Brazil was looking around, as if expecting a gunfight any moment, and ready for one, but aware of his limitations. There were rednecks everywhere, all drinking beer, eating fried fish with tartar and cocktail sauces, and ketchup. They were staring at Axel and Brazil.
Axel saw the wisdom in Brazil getting the car by himself.
"I'll pay the bill while you do that," Axel said.
"Dinner's my treat."
Brazil was completely cognizant of the fact that the two big boys in coveralls were this very second out in the dark parking lot, waiting for the two queers. Brazil wasn't especially concerned by their erroneous impression of him and the choices he made in life, but he was not interested in having the shit beat out of him. He thought fast, and tracked down the hostess in the raw bar, where she was parked at a table, smoking and writing tomorrow's specials on a chalk board.
"Ma'am," he said to her.
"I wonder if you could help me with a serious problem."
She looked skeptically at him, her demeanor changing somewhat. Guys said similar words to her every night after they'd been through buckets of beer. The problem was always the same thing, and so easy to remedy if she didn't mind slipping off behind the restaurant for maybe ten minutes and dropping her jeans.
"What." She continued writing, ignoring the jerk.
"I need a pin," he said.
"A what?" She looked up at him.
"You mean, something to write with?"
"No, ma'am. I mean a pin, a needle, and something to sterilize it with," he told her.
"What for?" She frowned, opening her fat vinyl pocketbook.
"A splinter."
"Oh!" Now that she understood.
"Don'cha hate it when that happens?
This place is full of 'em, too. Here you go, sugar. "
She fished out a small sewing kit in a clear plastic box that she'd gotten from the last hotel some rich guy took her to, and she slid out a needle. She handed him a bottle of nail polish remover. He dipped the needle in acetone, and bravely retreated to the porch. Sure enough, the two thugs were prowling near cars, waiting. They lurched in his direction when they spotted him, and he quickly stabbed his left index finger with the needle. He stabbed his right index finger and thumb. Brazil squeezed out as much blood as he could, and smeared in on his face, which he then held in his hands, as if he were reeling.

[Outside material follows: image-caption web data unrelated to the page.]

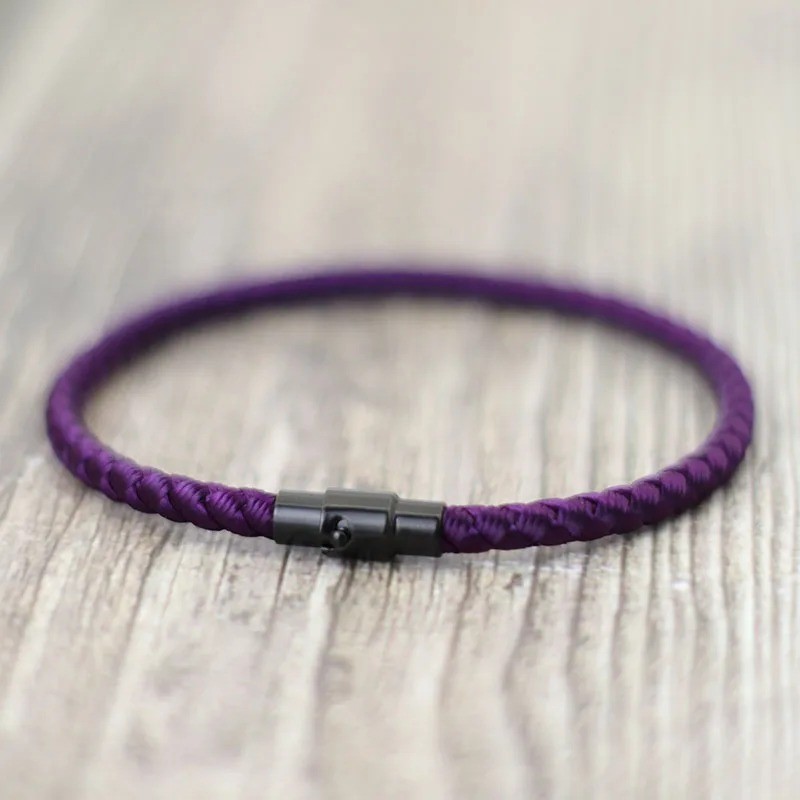 Braided Rope Bracelet Good Luck Fortune Couple Bracelet Cuff Bangle For Man Wome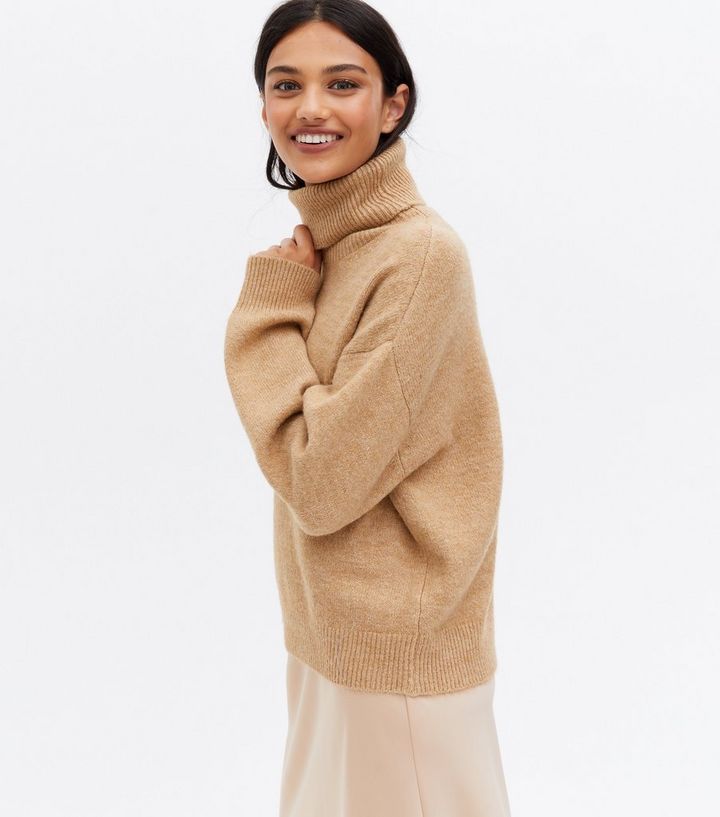 Camel Roll Neck Jumper
						
						Add to Saved Items
						Remove from Saved Items | New Look (UK)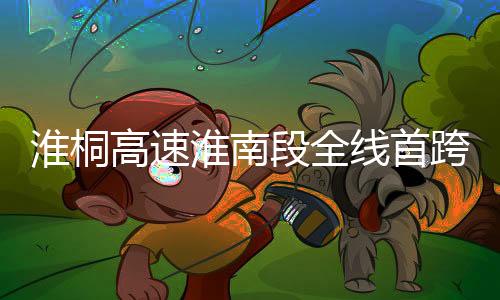 淮桐高速淮南段全線首跨梁板順利架設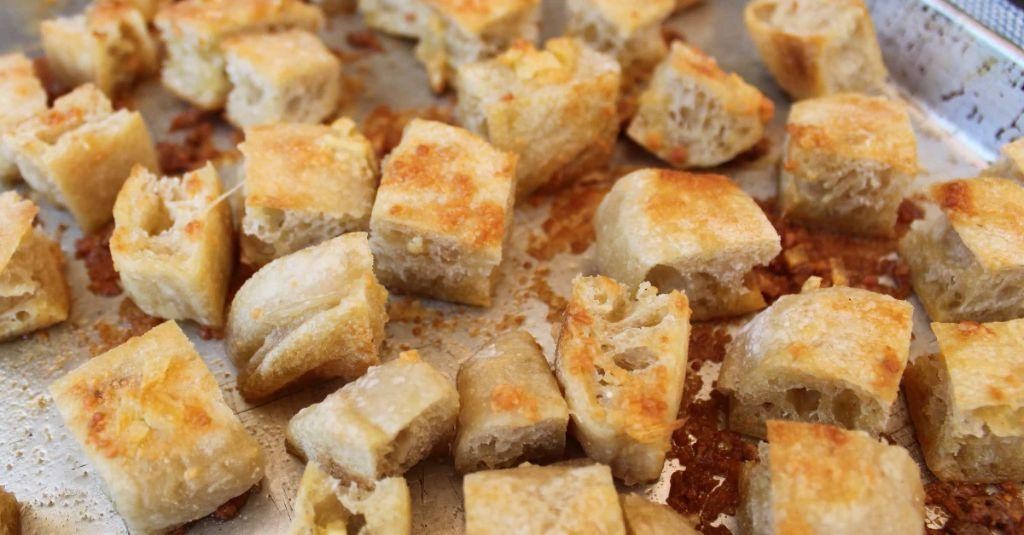 English Muffin Croutons for Salads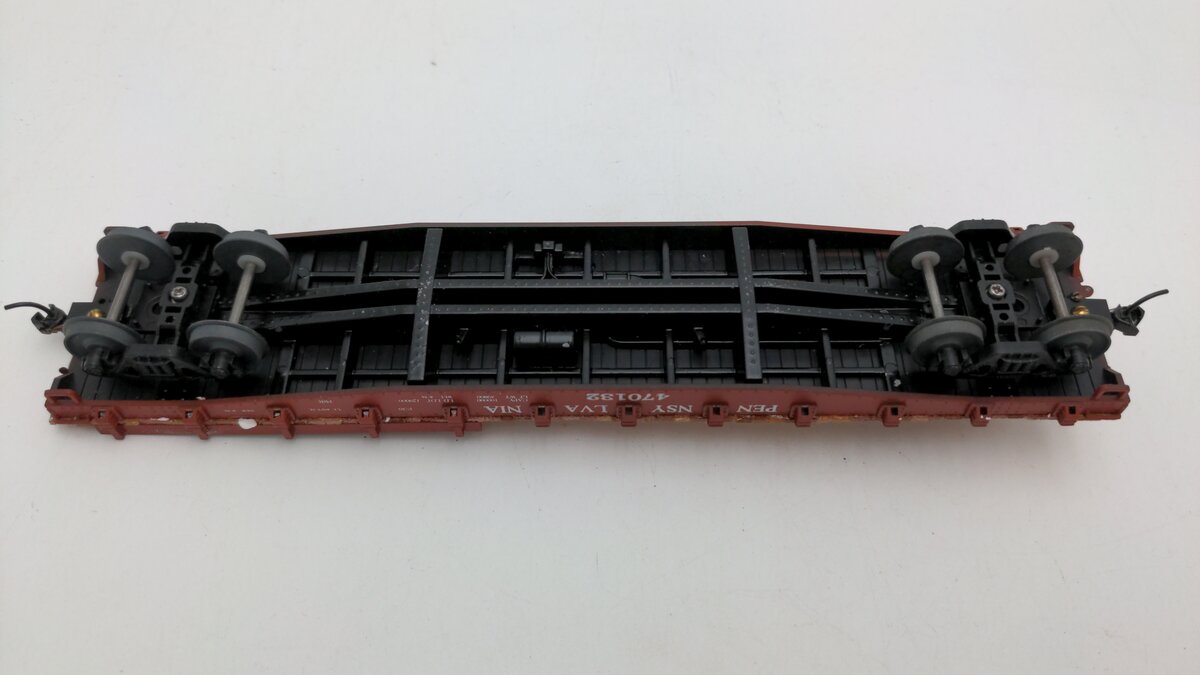 American Models 2011 S Scale Pennsylvania Flat Car #470132 EX/Box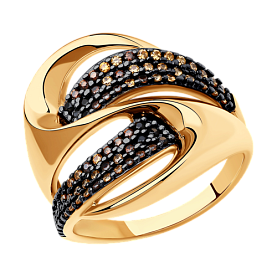 Кольцо SOKOLOV - Серебро 925, Фианит (арт. 93010853)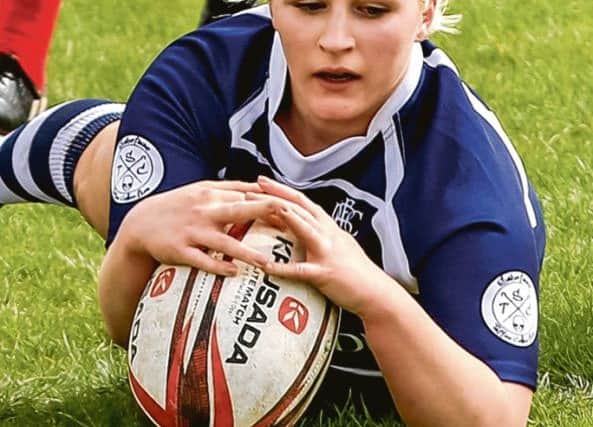 Action from the ladies's Barbarians. Photo: David Dales.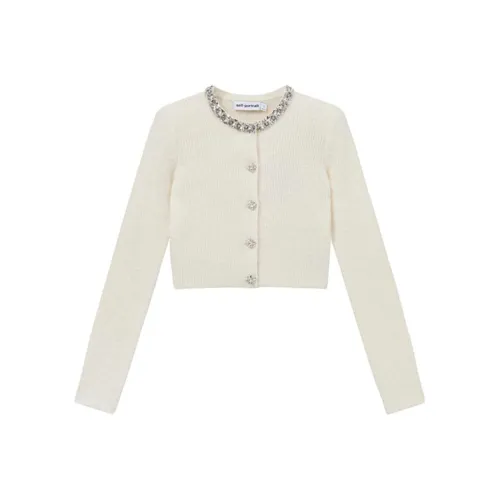 Self portrait Sweater Women's Ivory White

"Oh God," he moaned, staggering down steps.
"Jesus." He fell against the porch railing, groaning, holding his disgusting, gory face.
"Shit." Rizzo had gotten to him, and was completely taken aback.
"What the fuck happened to you?"
"My cousin in there," Brazil weakly said.
"You talking about that fag you was sitting with?" asked Shifflet.
Brazil nodded.
"Yeah, man. He's fucking got AIDS, and he threw up blood on me! You believe that! Oh God."
He staggered down another step. Shiftier and Rizzo moved out of the way.
"It went in my eyes and mouth! You know what that means! Where's a hospital around here, man? I got to get to the hospital! Could you drive me, please?"
Brazil staggered and almost stumbled into them. Shifflet and Rizzo ran. They leapt into their Nissan Hard Body XE with its four-foot-lift oversized tires that spun rocks.